- **What the exercise asks**
Repeat nothing but the line containing "Breastfeeding and the" and the lines that follow it, up to and including the last line of the data below.

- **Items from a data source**
= = =
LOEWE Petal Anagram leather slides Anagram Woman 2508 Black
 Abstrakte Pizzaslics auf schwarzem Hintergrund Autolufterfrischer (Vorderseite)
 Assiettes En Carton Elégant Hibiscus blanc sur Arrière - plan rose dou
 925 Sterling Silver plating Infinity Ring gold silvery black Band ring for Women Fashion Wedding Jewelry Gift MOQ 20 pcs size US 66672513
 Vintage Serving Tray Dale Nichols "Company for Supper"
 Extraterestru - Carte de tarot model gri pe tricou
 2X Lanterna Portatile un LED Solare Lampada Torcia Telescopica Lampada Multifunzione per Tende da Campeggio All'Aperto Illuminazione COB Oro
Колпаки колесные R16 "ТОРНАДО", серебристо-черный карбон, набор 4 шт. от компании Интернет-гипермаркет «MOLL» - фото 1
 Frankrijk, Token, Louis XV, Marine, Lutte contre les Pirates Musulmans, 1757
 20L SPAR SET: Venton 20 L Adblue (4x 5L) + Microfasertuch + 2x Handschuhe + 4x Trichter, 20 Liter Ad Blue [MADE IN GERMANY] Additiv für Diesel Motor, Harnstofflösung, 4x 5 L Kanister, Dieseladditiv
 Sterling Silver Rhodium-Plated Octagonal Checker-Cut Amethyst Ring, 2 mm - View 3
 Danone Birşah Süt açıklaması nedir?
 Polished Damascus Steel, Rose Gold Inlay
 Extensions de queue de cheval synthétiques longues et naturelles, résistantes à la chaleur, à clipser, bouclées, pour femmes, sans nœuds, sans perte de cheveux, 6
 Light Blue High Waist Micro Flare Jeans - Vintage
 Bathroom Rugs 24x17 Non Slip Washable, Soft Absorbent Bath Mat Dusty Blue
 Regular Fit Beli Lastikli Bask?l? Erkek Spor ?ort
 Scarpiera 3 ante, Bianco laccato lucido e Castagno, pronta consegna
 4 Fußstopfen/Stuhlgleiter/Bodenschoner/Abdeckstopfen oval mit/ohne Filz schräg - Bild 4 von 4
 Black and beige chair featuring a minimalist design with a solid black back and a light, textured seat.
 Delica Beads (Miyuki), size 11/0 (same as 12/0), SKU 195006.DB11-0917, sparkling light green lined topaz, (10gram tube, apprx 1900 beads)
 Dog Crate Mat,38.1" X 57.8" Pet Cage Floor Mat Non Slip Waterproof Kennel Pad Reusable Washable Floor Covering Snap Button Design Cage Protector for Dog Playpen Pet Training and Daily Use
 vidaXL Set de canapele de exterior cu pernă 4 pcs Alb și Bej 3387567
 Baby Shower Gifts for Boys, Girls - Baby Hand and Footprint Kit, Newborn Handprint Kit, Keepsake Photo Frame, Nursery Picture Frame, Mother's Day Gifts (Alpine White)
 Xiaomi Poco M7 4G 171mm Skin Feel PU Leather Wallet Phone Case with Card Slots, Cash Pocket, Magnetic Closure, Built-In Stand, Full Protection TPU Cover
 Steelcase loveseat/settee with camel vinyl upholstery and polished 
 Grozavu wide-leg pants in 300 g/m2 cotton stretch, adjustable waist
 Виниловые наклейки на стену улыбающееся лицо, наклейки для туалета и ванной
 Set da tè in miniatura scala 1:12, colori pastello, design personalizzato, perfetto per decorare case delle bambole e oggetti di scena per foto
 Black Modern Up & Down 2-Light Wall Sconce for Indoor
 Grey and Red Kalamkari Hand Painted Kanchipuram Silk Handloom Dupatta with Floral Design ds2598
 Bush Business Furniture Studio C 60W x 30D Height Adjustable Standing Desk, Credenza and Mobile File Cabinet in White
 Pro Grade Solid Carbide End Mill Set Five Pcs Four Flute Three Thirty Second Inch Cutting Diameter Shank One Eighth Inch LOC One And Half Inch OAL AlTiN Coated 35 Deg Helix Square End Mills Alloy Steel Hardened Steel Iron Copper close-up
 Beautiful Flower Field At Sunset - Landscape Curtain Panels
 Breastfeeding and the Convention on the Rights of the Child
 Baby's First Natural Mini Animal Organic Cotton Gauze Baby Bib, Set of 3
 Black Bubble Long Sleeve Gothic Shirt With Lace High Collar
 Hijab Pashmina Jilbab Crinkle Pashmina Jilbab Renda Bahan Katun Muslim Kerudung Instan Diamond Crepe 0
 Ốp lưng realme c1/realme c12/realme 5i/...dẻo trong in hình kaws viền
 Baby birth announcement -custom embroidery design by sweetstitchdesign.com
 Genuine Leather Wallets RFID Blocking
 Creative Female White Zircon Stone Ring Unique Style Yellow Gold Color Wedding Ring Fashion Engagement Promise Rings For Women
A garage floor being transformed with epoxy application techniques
= = =
- **Reply to the exercise**
 Breastfeeding and the Convention on the Rights of the Child
 Baby's First Natural Mini Animal Organic Cotton Gauze Baby Bib, Set of 3
 Black Bubble Long Sleeve Gothic Shirt With Lace High Collar
 Hijab Pashmina Jilbab Crinkle Pashmina Jilbab Renda Bahan Katun Muslim Kerudung Instan Diamond Crepe 0
 Ốp lưng realme c1/realme c12/realme 5i/...dẻo trong in hình kaws viền
 Baby birth announcement -custom embroidery design by sweetstitchdesign.com
 Genuine Leather Wallets RFID Blocking
 Creative Female White Zircon Stone Ring Unique Style Yellow Gold Color Wedding Ring Fashion Engagement Promise Rings For Women
A garage floor being transformed with epoxy application techniques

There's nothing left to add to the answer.